ACTIVITY: A faithful copy of all the entries is required, with no pictures in it.
++++ EXTRACTED RECORDS
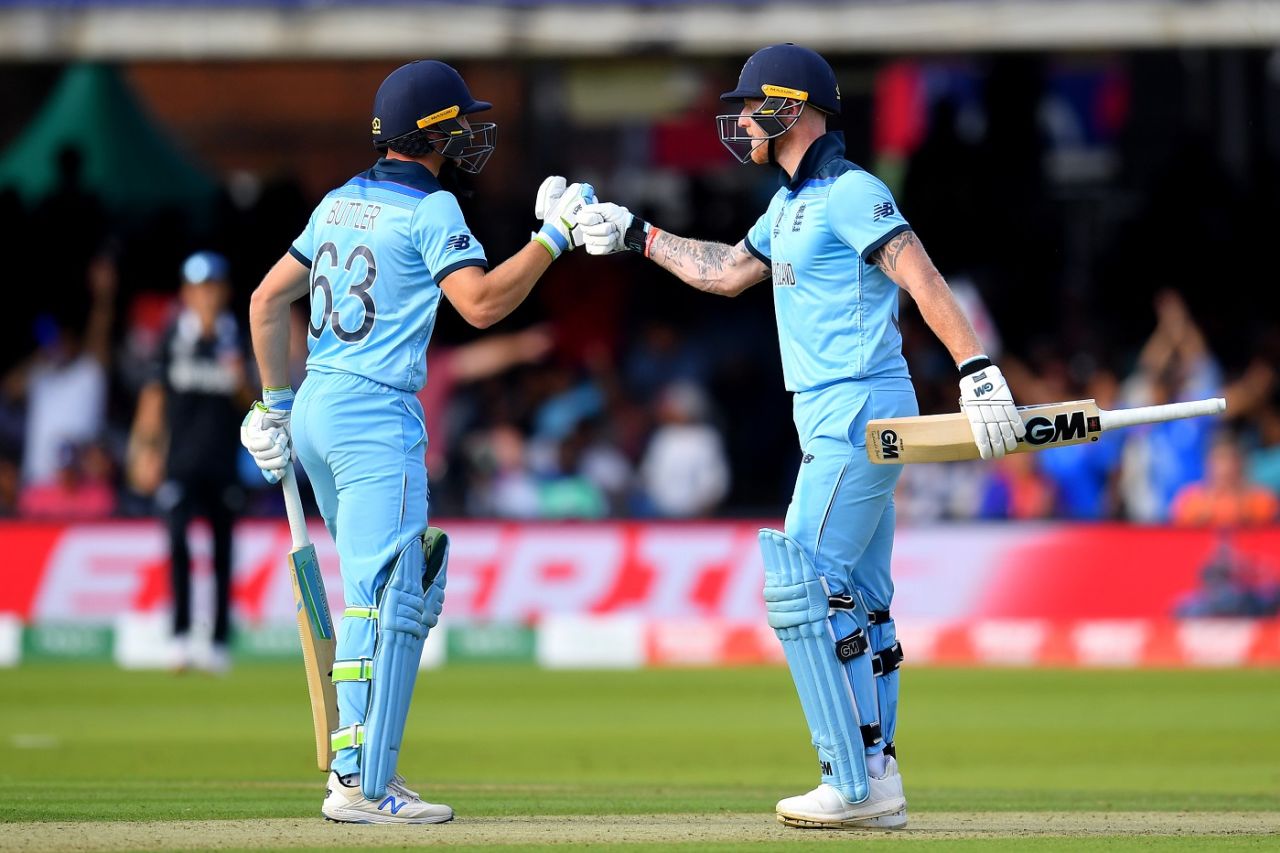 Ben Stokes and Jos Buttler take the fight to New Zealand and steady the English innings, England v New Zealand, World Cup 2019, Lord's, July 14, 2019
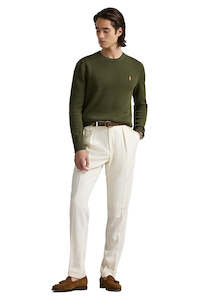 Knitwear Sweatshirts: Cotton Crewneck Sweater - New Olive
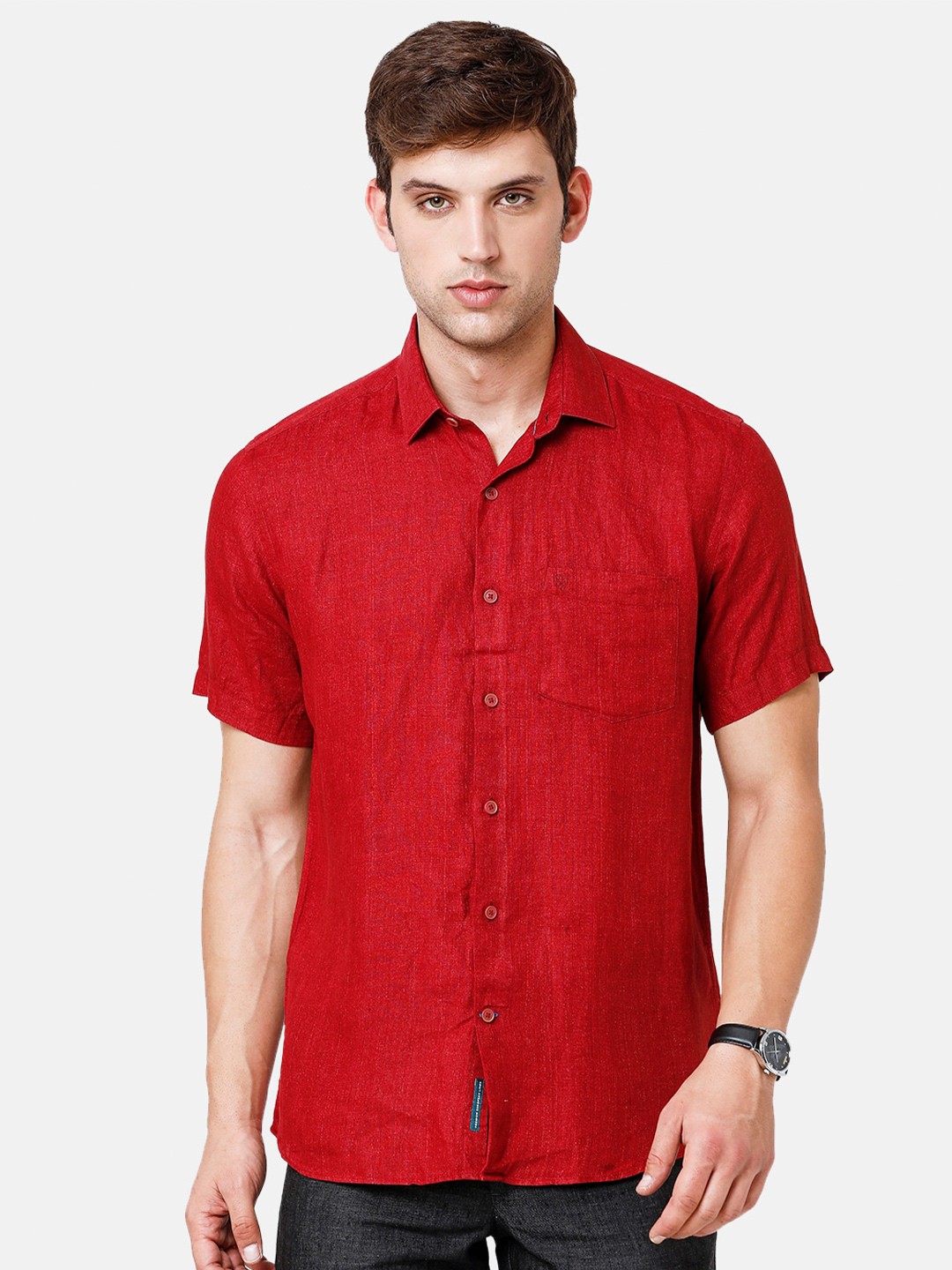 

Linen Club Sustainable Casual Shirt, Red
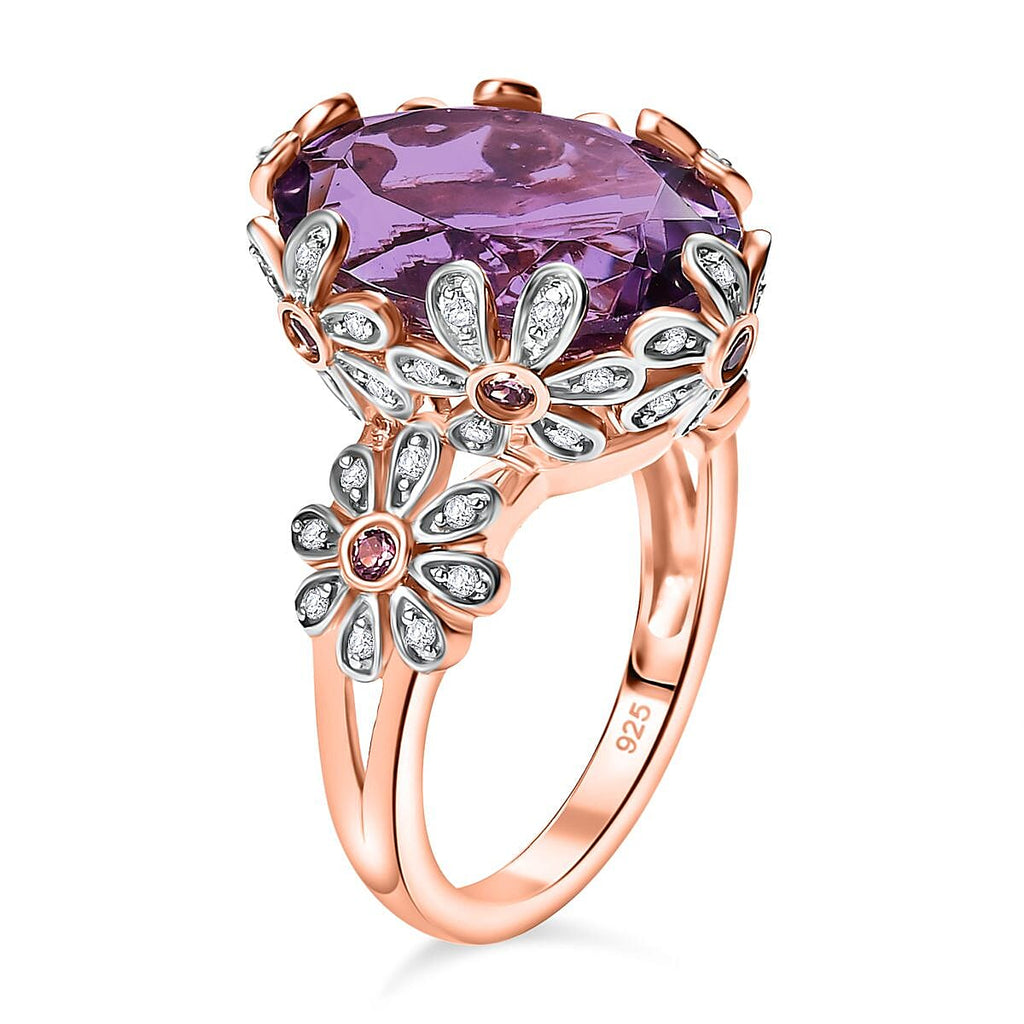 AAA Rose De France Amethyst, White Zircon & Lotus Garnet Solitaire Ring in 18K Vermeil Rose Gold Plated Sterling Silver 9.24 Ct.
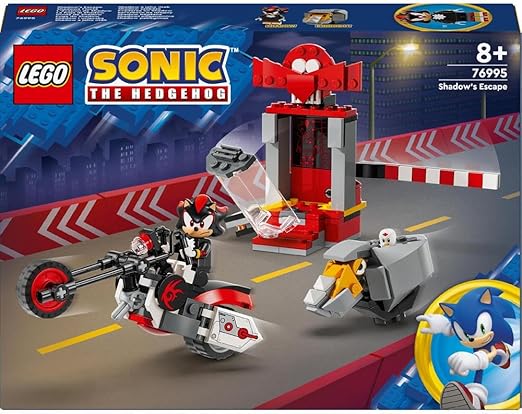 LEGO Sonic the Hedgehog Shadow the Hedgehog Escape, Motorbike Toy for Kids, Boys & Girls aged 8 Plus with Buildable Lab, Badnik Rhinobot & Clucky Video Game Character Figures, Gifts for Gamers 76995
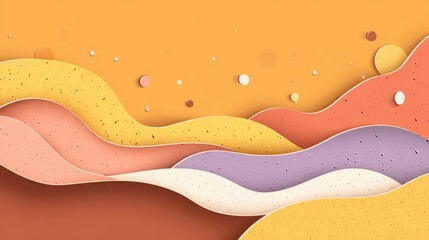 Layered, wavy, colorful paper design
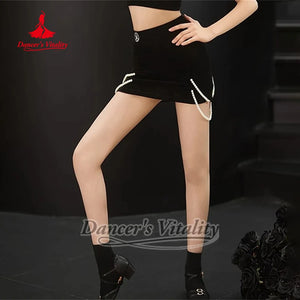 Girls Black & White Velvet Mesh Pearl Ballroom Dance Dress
++++++++
SOLVED EXERCISE:
 Ben Stokes and Jos Buttler take the fight to New Zealand and steady the English innings, England v New Zealand, World Cup 2019, Lord's, July 14, 2019
 Knitwear Sweatshirts: Cotton Crewneck Sweater - New Olive

Linen Club Sustainable Casual Shirt, Red
 AAA Rose De France Amethyst, White Zircon & Lotus Garnet Solitaire Ring in 18K Vermeil Rose Gold Plated Sterling Silver 9.24 Ct.
 LEGO Sonic the Hedgehog Shadow the Hedgehog Escape, Motorbike Toy for Kids, Boys & Girls aged 8 Plus with Buildable Lab, Badnik Rhinobot & Clucky Video Game Character Figures, Gifts for Gamers 76995
 Layered, wavy, colorful paper design
 Girls Black & White Velvet Mesh Pearl Ballroom Dance Dress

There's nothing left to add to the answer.